118 Arten in der Datenbank

Über die Dinosaurier-Datenbank

Die Dinosauria — eine der erfolgreichsten Tiergruppen der Erdgeschichte — dominierten die terrestrischen Ökosysteme des Mesozoikums über einen Zeitraum von rund 170 Millionen Jahren. Von den ersten kleinen, zweibeinigen Formen der Obertrias vor etwa 235 Millionen Jahren bis zum Massenaussterben an der Kreide-Paläogen-Grenze vor 66 Millionen Jahren brachte diese Gruppe eine enorme Formenvielfalt hervor.

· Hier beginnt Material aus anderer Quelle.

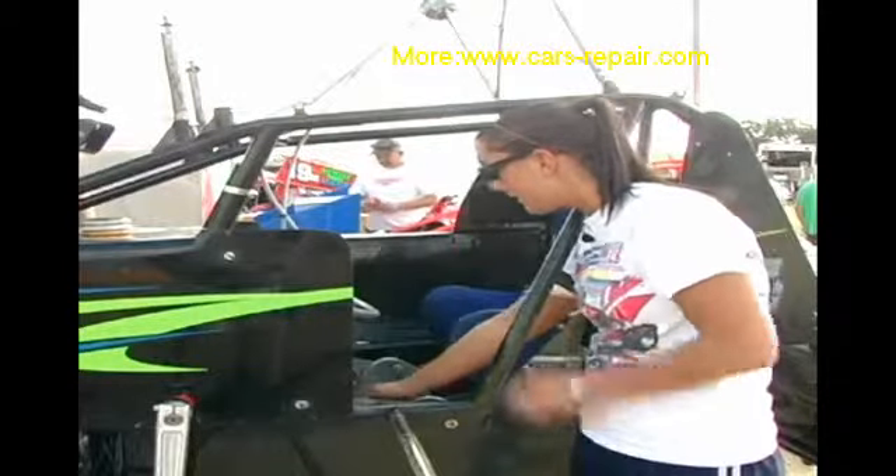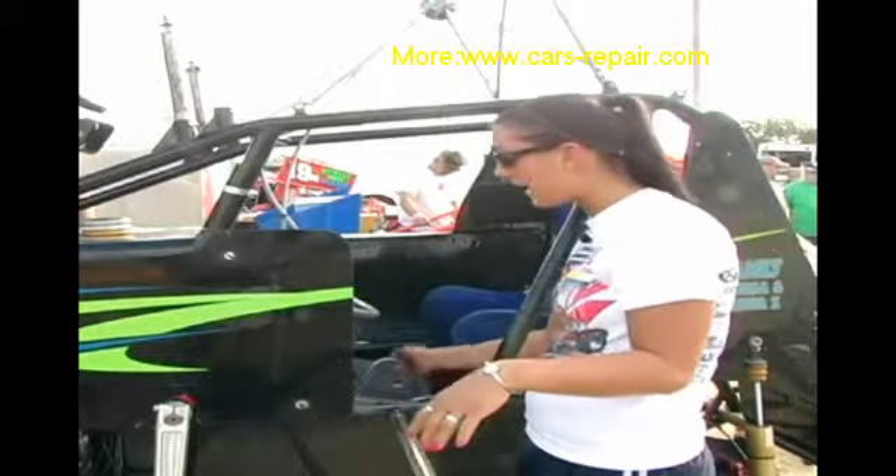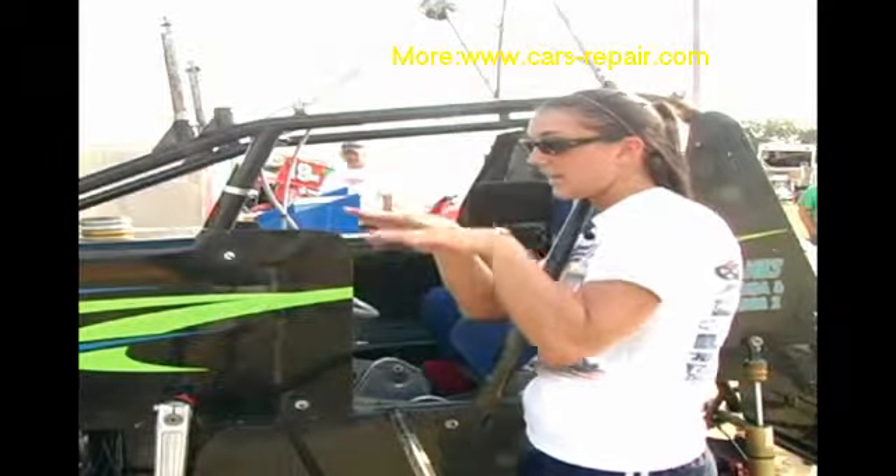And then the pedals — the brake pedal is just like your car, it's on the same side as your car. Your right is your gas and the brake is on the left. They work a little bit different though. Your brake goes forward and back like this, and your gas goes up and down like this. So in your car you go like this, but in your sprint car you're going to go like this and like this.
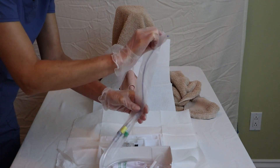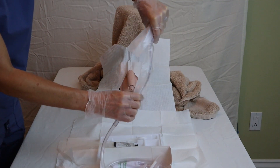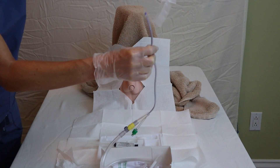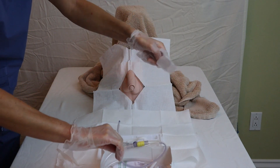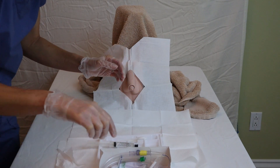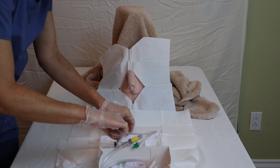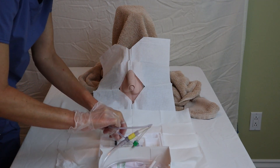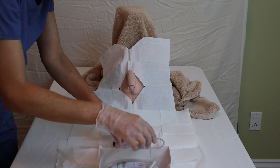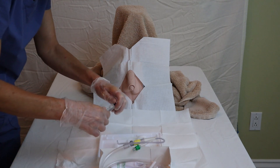I place the lubricant on my tray, then the lubricant packaging goes in my trash pile. The catheter tends to be pretty flimsy in the box, so you want to make sure it doesn't touch anything. Sometimes you can slide it out easily, but make sure that you hold on to the wrapper and the catheter because it has a tendency to flop and could end up somewhere on the bed and no longer be sterile. I get rid of the wrapper, then take my catheter tip and place it inside the lubricant at least one to two inches, making sure it's well lubricated.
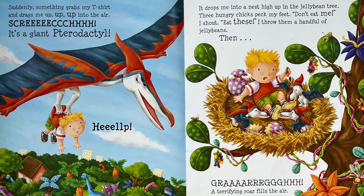Suddenly, something grabs my t-shirt and drags me up, up, up into the air. Screech! It's a giant pterodactyl! Help! It drops me into a nest, high up in the jelly bean tree. Three hungry chicks peck my feet. "Don't eat me!" I shout. "Eat these! Please!" I throw them a handful of jelly beans.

Unsere Datenbank umfasst Vertreter aller drei großen Hauptlinien: die meist fleischfressenden Theropoda, zu denen etwa der Tyrannosaurus Rex und der Velociraptor zählen, die langhalsigen Sauropodomorpha mit Vertretern wie dem Brachiosaurus, sowie die vielfältigen Ornithischia, darunter der dreihörnige Triceratops. Zu jeder Art findest du Angaben zu Körpermaßen, Ernährungsweise, zeitlicher Einordnung und bekannten Fundorten.

Die Forschungslage entwickelt sich laufend weiter: Neue Funde und verbesserte Analysemethoden — etwa die Untersuchung von Knochengewebe-Mikrostrukturen — verändern regelmäßig unser Bild einzelner Arten. Die hier aufgeführten Daten spiegeln den aktuellen Stand der Forschung wider, erheben aber keinen Anspruch auf Vollständigkeit. Nutze die erweiterten Filter und Sortieroptionen, um die Datenbank gezielt zu durchsuchen.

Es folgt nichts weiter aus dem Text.